Power on a server.
AI agents invoke start_server to trigger actions in Morpheus MCP Server. What it does depends on the arguments the agent supplies, and its effects often reach beyond the immediate call — builds kicked off, notifications sent, workflows started.
This tool executes a command that transitions a server from powered-off to powered-on state, which is an irreversible operational change affecting live infrastructure. It is Execute rather than Write because it triggers an external system operation (not just data modification), and it is not Destructive because the action is reversible (the server can be stopped again).
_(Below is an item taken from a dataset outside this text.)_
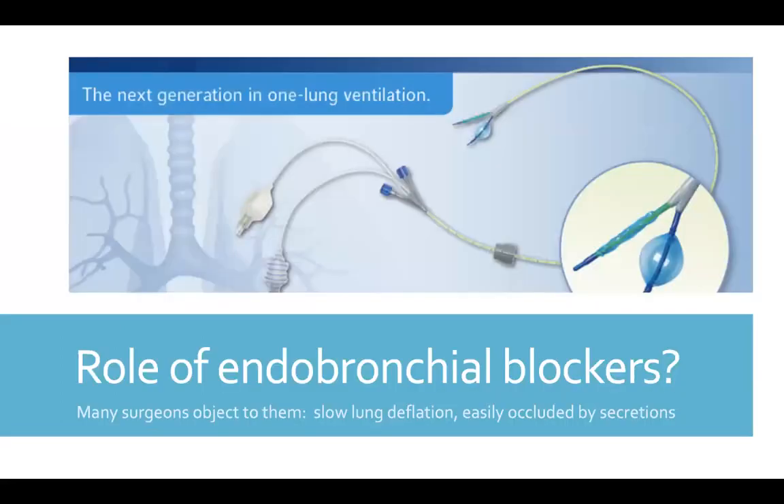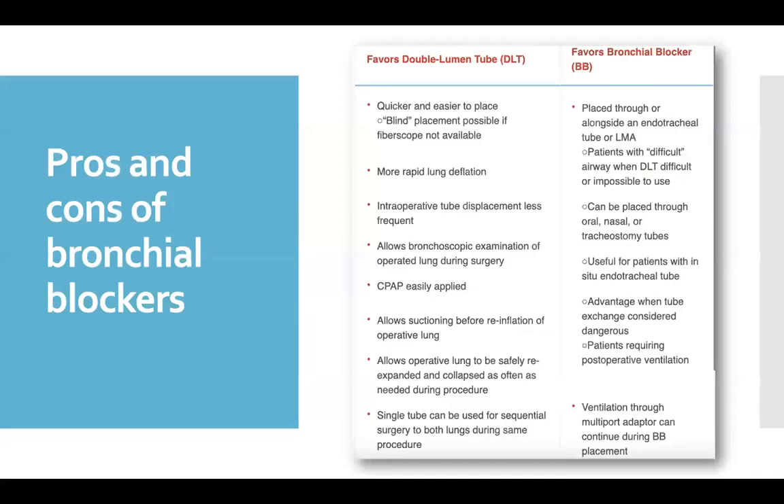What is the value of bronchial blockers? This is one area where opinions vary. You can't use them for a sleeve resection and there's hazard in using them for pneumonectomy, but some people swear by them. Some surgeons dislike them because they feel that the lung deflates too slowly and that the blockers can be easily plugged with secretions, but in some situations they can be useful. Here for reference is a table that lists the pros and cons of double-lumen tubes versus bronchial blockers, courtesy of Dr. Jay Brodsky.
From the tool's definition Tool name 'start_server' with description 'Power on a server' indicates triggering a physical or virtual server power state change. This is an operational action that initiates external infrastructure changes whose effects depend on which server is targeted.
Attacks that exploit this kind of access
Power on a server. It is categorised as a Execute tool in the Morpheus MCP Server MCP Server, which means it can trigger actions or run processes. Use rate limits and argument validation.
Register the Morpheus MCP Server MCP server in PolicyLayer and add a rule for start_server: allow, deny, rate-limit, or require approval. Point your MCP client at the PolicyLayer proxy URL and the rule is enforced on every call, before it reaches Morpheus MCP Server. Nothing to install.
start_server is a Execute tool with high risk. Execute tools should be rate-limited and have argument validation enabled.
Yes. Add a rate_limit block to the start_server rule in your PolicyLayer policy. For example, setting max: 10 and window: 60 limits the tool to 10 calls per minute. Rate limits are tracked per agent session and reset automatically.
Set action: deny in the PolicyLayer policy for start_server. The AI agent will receive a policy violation error and cannot call the tool. You can also include a reason field to explain why the tool is blocked.
start_server is provided by the Morpheus MCP Server MCP server (nixndme/morpheus-mcp). PolicyLayer sits as a proxy in front of this server to enforce policies before tool calls reach the server.
Every MCP server has a record like this.
Type a name, get the same breakdown: verified identity, auth posture, risk grade, capabilities, recommended policy.